Neeson plays pioneering sex scientist Alfred Kinsey in his best performance since Michael Collins and Schindler's List. Surprisingly overlooked by the Academy for Kinsey, Neeson will next be seen in two major blockbusters this year. Of the two roles he says, "In Kingdom Of Heaven, I play a crusty old warrior who is Orlando Bloom's father. And in Batman Returns, I play a mentor to Bruce Wayne - I teach him a few skills."
Do you think Kinsey crossed the line between the objectivity of being a scientist and the subjectivity of somebody who was perhaps trying to justify his own lifestyle?
I don't think he was justifying his own lifestyle. He was obviously bisexual. From my research he only really discovered that in his late 20s. I believe he grew up with enormous fear, guilt and confusion, to the point of when he found his mission in life he was determined that young people especially wouldn't have to go through what he did. I think that was his springboard.

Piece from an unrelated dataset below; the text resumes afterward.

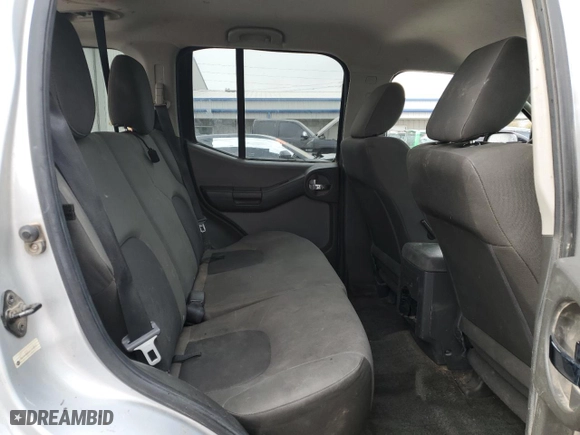2012 Nissan Xterra S with VIN 5N1AN0NW8CC524899, listed as a Copart auction lot 42625585 with 191,533 mi miles and Salvage Title. Bid and sale history available at carsss.com. Image 10.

From your research was there anything missing in the film that maybe should have been in it?
I thought Bill [Condon, director] covered every base, but there was one scene I was surprised that has gone. After he talks to the paedophile, there's a scene with Laura [Linney] and I in bed. Where he's deciding to use this information this man has given him. Laura's saying he shouldn't, and he should throw it away. And because Kinsey is a collector, and this freak had these obscene measurements - Kinsey would have salivated at that stuff; it was science to him.
Kinsey's father frowned upon his son's scientific pursuits, and never took them seriously. Did your father think that about your acting when you were young?
Very much so. It was something you did in your time off - amateur dramatics. It certainly wasn't something you'd entertain the thought you might be paid for.
Did you, like Kinsey, have a day of reckoning with you father?
I did. I had an extraordinary day actually. I remember it was 1975, and I was accepted into Northern Ireland's only repertoire theatre - Belfast Lyric theatre. It was a time when bombs and explosions were going off all over the city. I sneaked a day off work in my hometown to come up to Belfast to do an audition without telling my parents - I was living at home at the time. And that afternoon I got accepted into the theatre, and I remember coming back on the train to my home, which was 30 miles away, stopping in at various pubs along the way, with this equity contract, and I arrived back at midnight. My parents were white as sheets. I was stupid in that day and age, to not telephone, so they literally didn't speak to me for a week, because of the shock. I could tell when I walked into the house how dumb I'd been. But I was overjoyed my life was going to change, I was going to get paid for acting.
And get paid pretty well...
Well, it's still a matter of is Gibson going to do it? Is Clooney going to do it? Tick them off, and then you get to me.
Kinsey is released in UK cinemas on Friday 4th March 2005.